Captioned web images
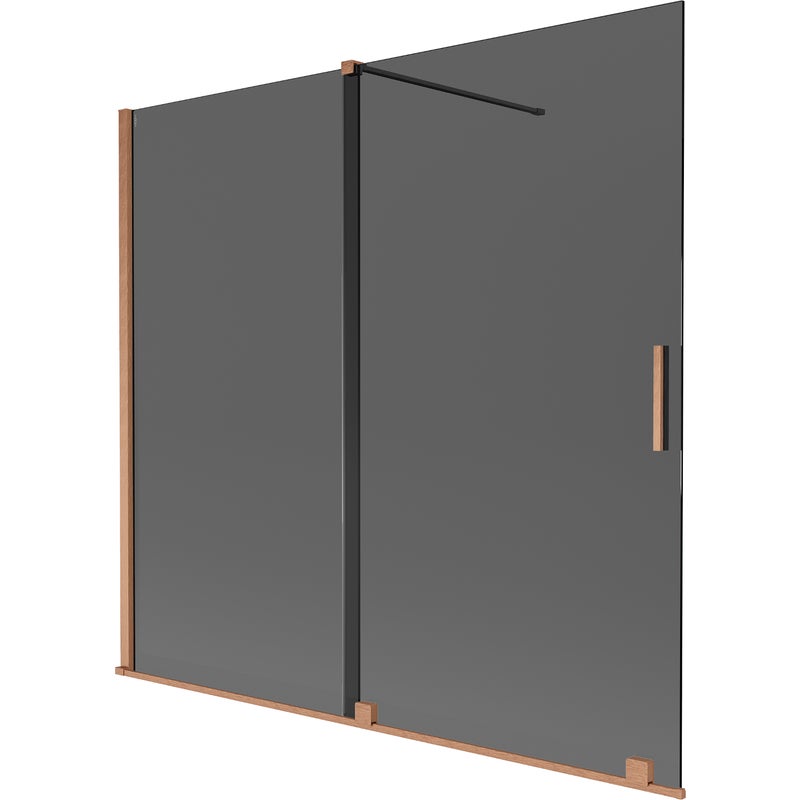 Mexen Velar parawan nawannowy 2-skrzydłowy rozsuwany 170 x 150 cm, grafit, miedź szczotkowana - 896-170-000-41-65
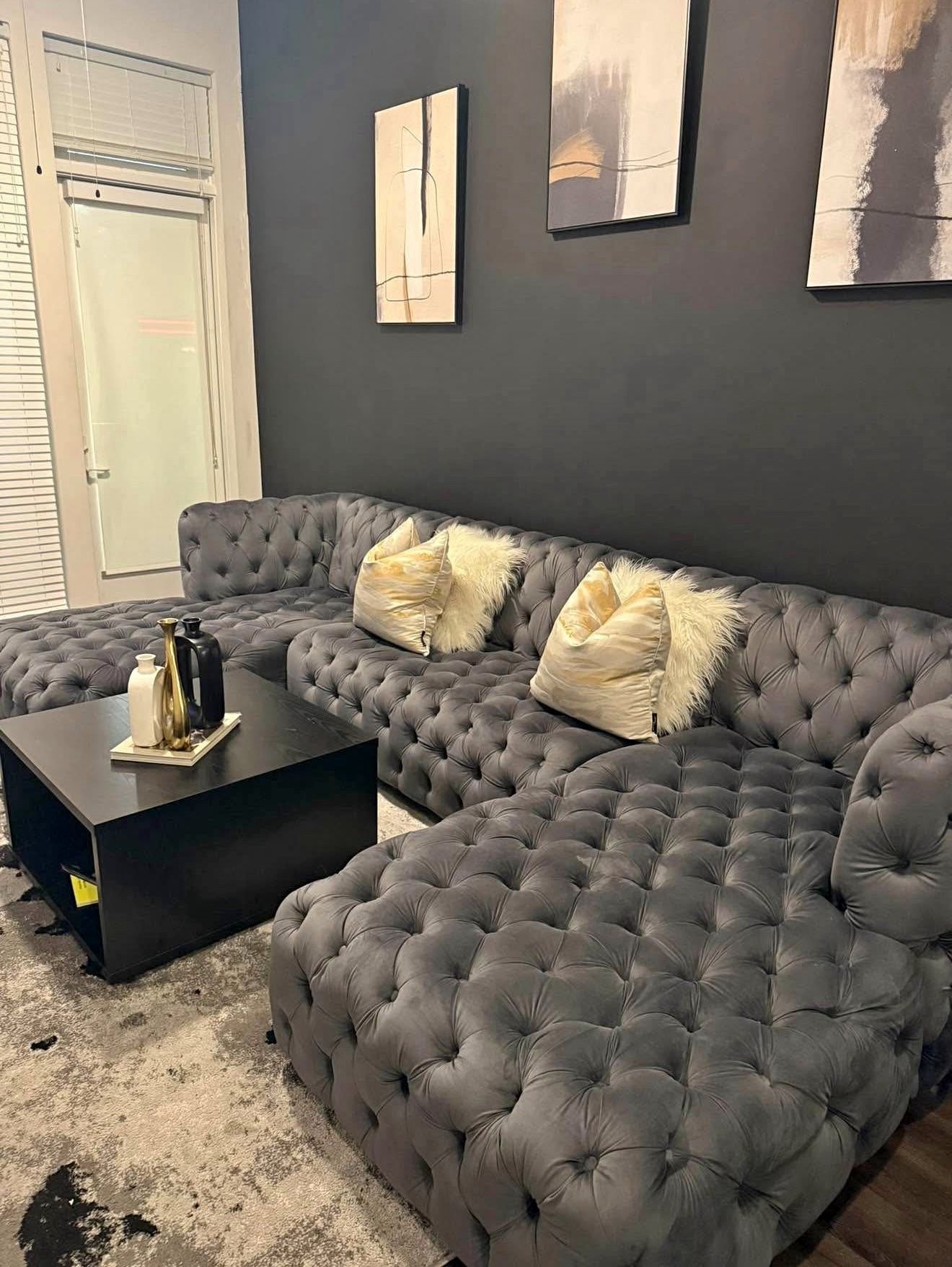 Valencia Tufted Velvet U-Shape Sectional Sofa, Gray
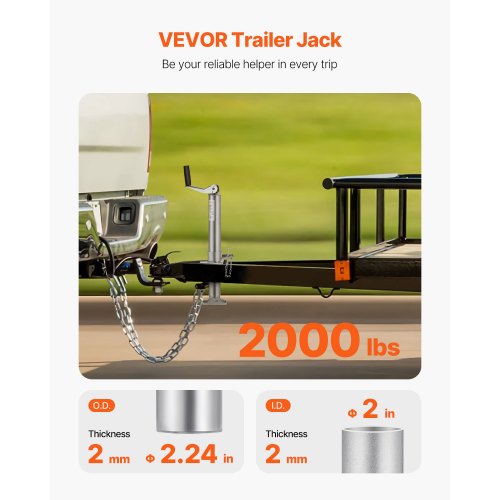 A Frame Trailer Jack Bolt on Trailer Tongue Jack 2000 lbs 142 Travel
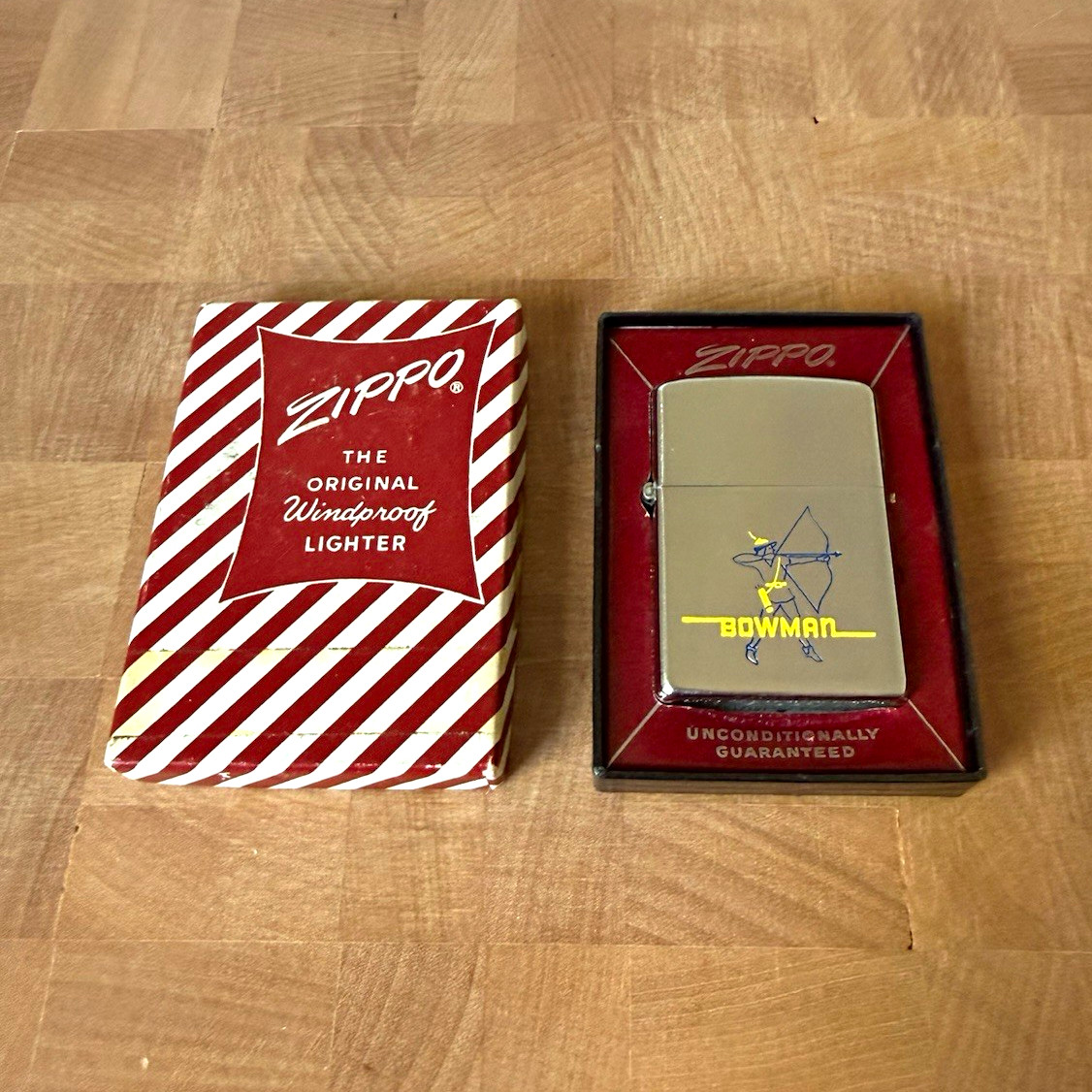 VTG 1950s Zippo The Original Windproof Lighter "Bowman" Archery w/ box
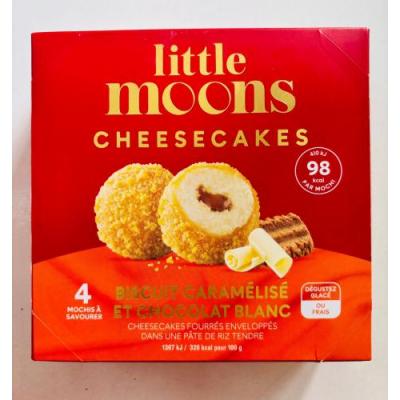 LITTLE MOONS 芝士蛋糕冰淇淋 饼干白巧克力焦糖夹心味 4PCS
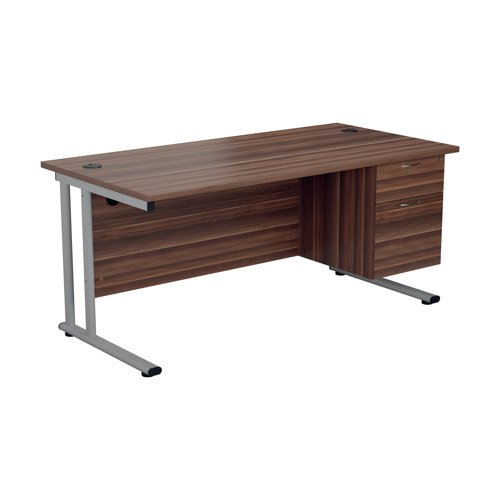 Offering a convenient and flexible place to store documents, papers and stationery, this fixed pedestal in Dark Walnut fits Jemini standard desking. The pedestal features 1 box drawer and 1 filing drawer suitable for foolscap suspension filing. This pedestal measures W400 x D500 x H510mm.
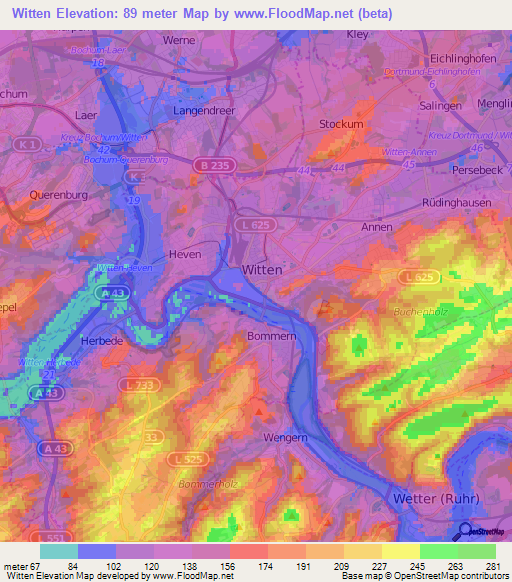 Witten,Germany Elevation Map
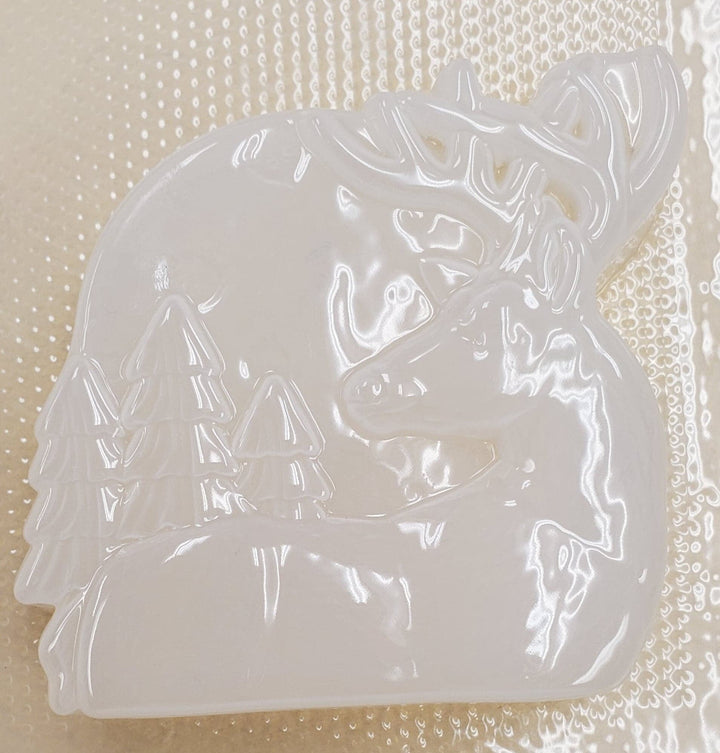 Deer with Moon and Trees Plastic Mold or Silicone mold, bath bomb mold, soap mold, deer mold, resin mold, buck mold, Stag mold, dear mold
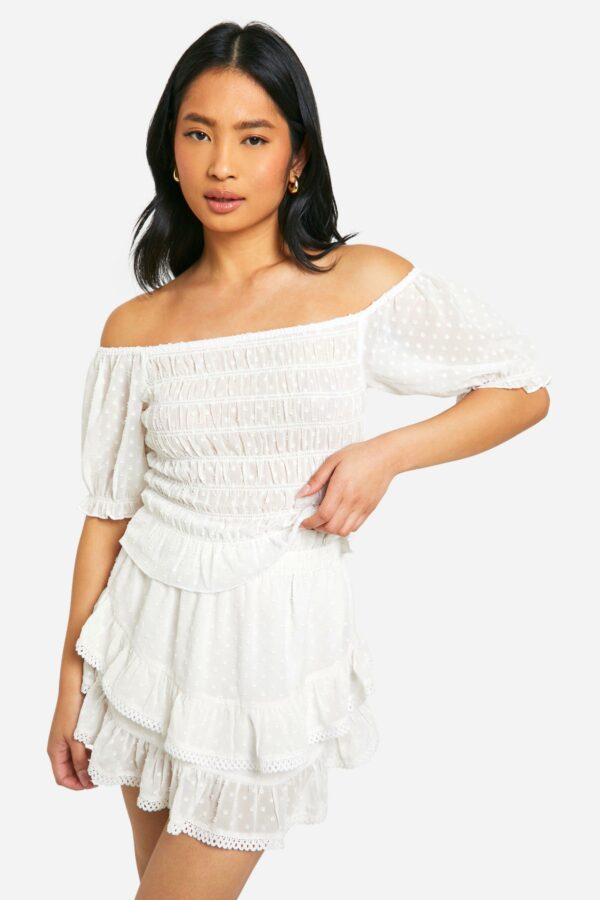 Womens Petite Dobby Tiered Ruffle Mini Skirt - White - 6, White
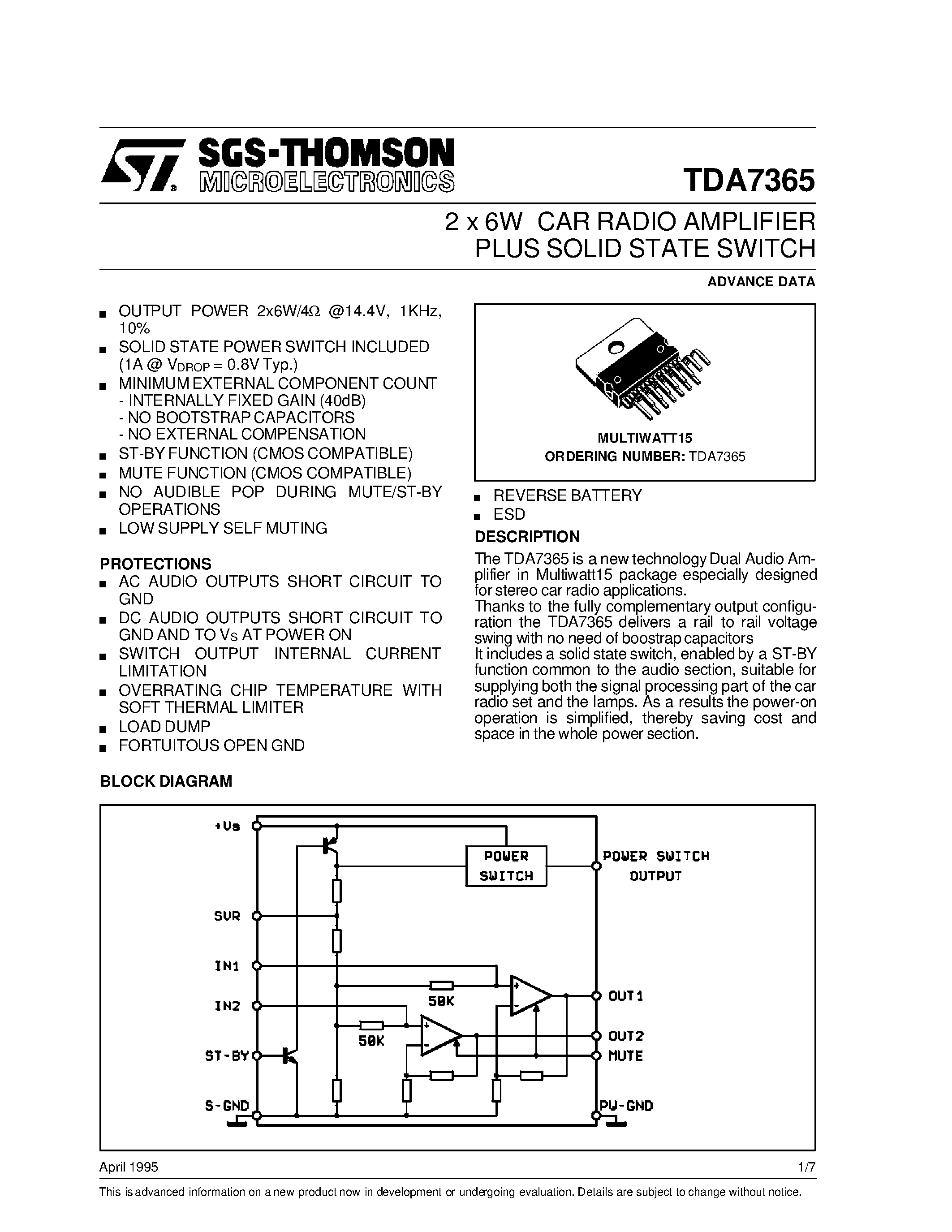 Даташит на микросхему TDA7365 страница 1 Даташит TDA7365 - 2 x 6W CAR RADIO AMPLIFIER PLUS SOLID STATE SWITCH страница 1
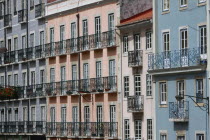 Portugal, Estremadura, Lisbon, Colourful town houses in the Barrio Alto district.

WHAT IS EXPECTED: Once the pictures are set aside, repeat each entry exactly as it stands.

WRITTEN RESPONSE:
 Mexen Velar parawan nawannowy 2-skrzydłowy rozsuwany 170 x 150 cm, grafit, miedź szczotkowana - 896-170-000-41-65
 Valencia Tufted Velvet U-Shape Sectional Sofa, Gray
 A Frame Trailer Jack Bolt on Trailer Tongue Jack 2000 lbs 142 Travel
 VTG 1950s Zippo The Original Windproof Lighter "Bowman" Archery w/ box
 LITTLE MOONS 芝士蛋糕冰淇淋 饼干白巧克力焦糖夹心味 4PCS
 Offering a convenient and flexible place to store documents, papers and stationery, this fixed pedestal in Dark Walnut fits Jemini standard desking. The pedestal features 1 box drawer and 1 filing drawer suitable for foolscap suspension filing. This pedestal measures W400 x D500 x H510mm.
 Witten,Germany Elevation Map
 Deer with Moon and Trees Plastic Mold or Silicone mold, bath bomb mold, soap mold, deer mold, resin mold, buck mold, Stag mold, dear mold
 Womens Petite Dobby Tiered Ruffle Mini Skirt - White - 6, White
 Даташит на микросхему TDA7365 страница 1 Даташит TDA7365 - 2 x 6W CAR RADIO AMPLIFIER PLUS SOLID STATE SWITCH страница 1
 Portugal, Estremadura, Lisbon, Colourful town houses in the Barrio Alto district.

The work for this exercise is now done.